Finnegan successfully represented Sensio, Inc. in IPR proceedings involving three design patents directed to triple slow-cooker designs.  Sensio established that the claimed designs were in the prior art and countered the patent owner's attempt to antedate the prior art references.  After an oral argument, the Patent Trial and Appeal Board (PTAB) found all three patents to be anticipated and obvious in view of prior designs.  Finnegan also represented Sensio in the co-pending district court litigation in Kansas, which Finnegan successfully argued should be stayed during the pendency of the IPR proceedings.

After a jury verdict against Conair for infringement of a patent on a safety mechanism in a hairdryer, the district court increased the damages and entered a judgment of over $46 million. On appeal, Finnegan achieved a total victory for Conair by obtaining a reversal of the infringement finding in the Federal Circuit.

In a Federal Circuit appeal on behalf of client Digital Control, Inc. (DCI), Finnegan was able to obtain a reversal of the district court’s judgment. The reversal paved the way for a favorable settlement, and it also resolved an important issue on what is “material” information in prosecuting patent applications in the PTO. The patents at issue in the case were fundamental to DCI’s business and involved electronic locating equipment for horizontal drilling devices.

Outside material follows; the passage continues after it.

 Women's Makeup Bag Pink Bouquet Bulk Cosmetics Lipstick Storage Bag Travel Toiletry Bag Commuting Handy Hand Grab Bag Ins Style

Finnegan represented the plaintiff in Massachusetts and California federal courts in a long-running copyright battle between two social networking websites. The case established new law on subject matter jurisdiction over copyright claims in federal court.

In an ITC Section 337 action between Finnegan client LG Electronics and its competitor Whirlpool, the ITC denied all of Whirlpool’s claims for relief, resulting in a total victory for LG Electronics.  Judge Theodore R. Essex had previously ruled that LG refrigerators are not covered by Whirlpool's U.S. Patent No. 6,082,130.  The ITC later revised the claim interpretation of the ‘130 patent and asked the judge to reconsider the remaining disputed issues based on its new interpretation.  Judge Essex applied the ITC’s interpretation and again found that the ‘130 patent does not cover LG refrigerators and also concluded that all but one of the asserted claims is invalid.  Whirlpool originally claimed that five of its patents covered LG refrigerators.  During the course of the case, Whirlpool withdrew four of those patents prior to the hearing.

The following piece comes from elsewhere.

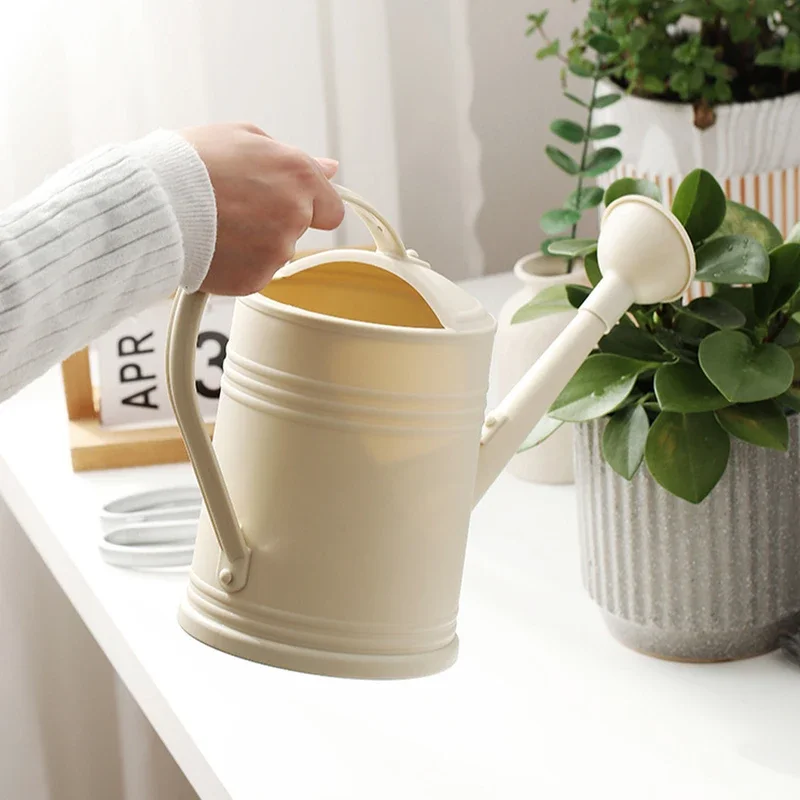 

2L Long Spout Watering Can Sprinkler Watering Can Retro Large Capacity Watering Vegetables Household Small Sprinkler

The U.S. Court of Appeals for the Federal Circuit ruled in favor of Finnegan client Research Corporation Technologies, Inc., affirming the patentability of RCT’s methods for halftoning digital images.  The decision is particularly important because it is the Federal Circuit's first dealing with patentable subject matter under 35 U.S.C. § 101 since the Supreme Court’s landmark Bilski v. Kappos decision.  Chief Judge Rader, writing for a unanimous panel, reversed the district court’s ruling that the claimed halftoning methods were invalid under section 101.  Instead, he wrote, “the invention presents functional and palpable applications in the field of computer technology.”  Following the Supreme Court’s Bilski decision, the Federal Circuit explained that the coarse filter of section 101 excludes only laws of nature, physical phenomena, and “manifestly” abstract claims, and that courts should focus primarily on the patentability criteria of the rest of the Patent Act.

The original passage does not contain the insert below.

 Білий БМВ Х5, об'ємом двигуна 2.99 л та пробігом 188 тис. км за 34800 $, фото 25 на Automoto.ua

We represented Allegheny Ludlum Co. against Allied-Signal in the area of iron-boron-silicon amorphous metal alloys. Despite having junior party status, we proved that the Allegheny inventors were the first to invent and the PTO ruled that they were entitled to the award of priority. Allied-Signal brought a Section 146 action in the U.S. District Court for the District of Connecticut. The parties settled the case after discovery and trial, but before a decision by the court.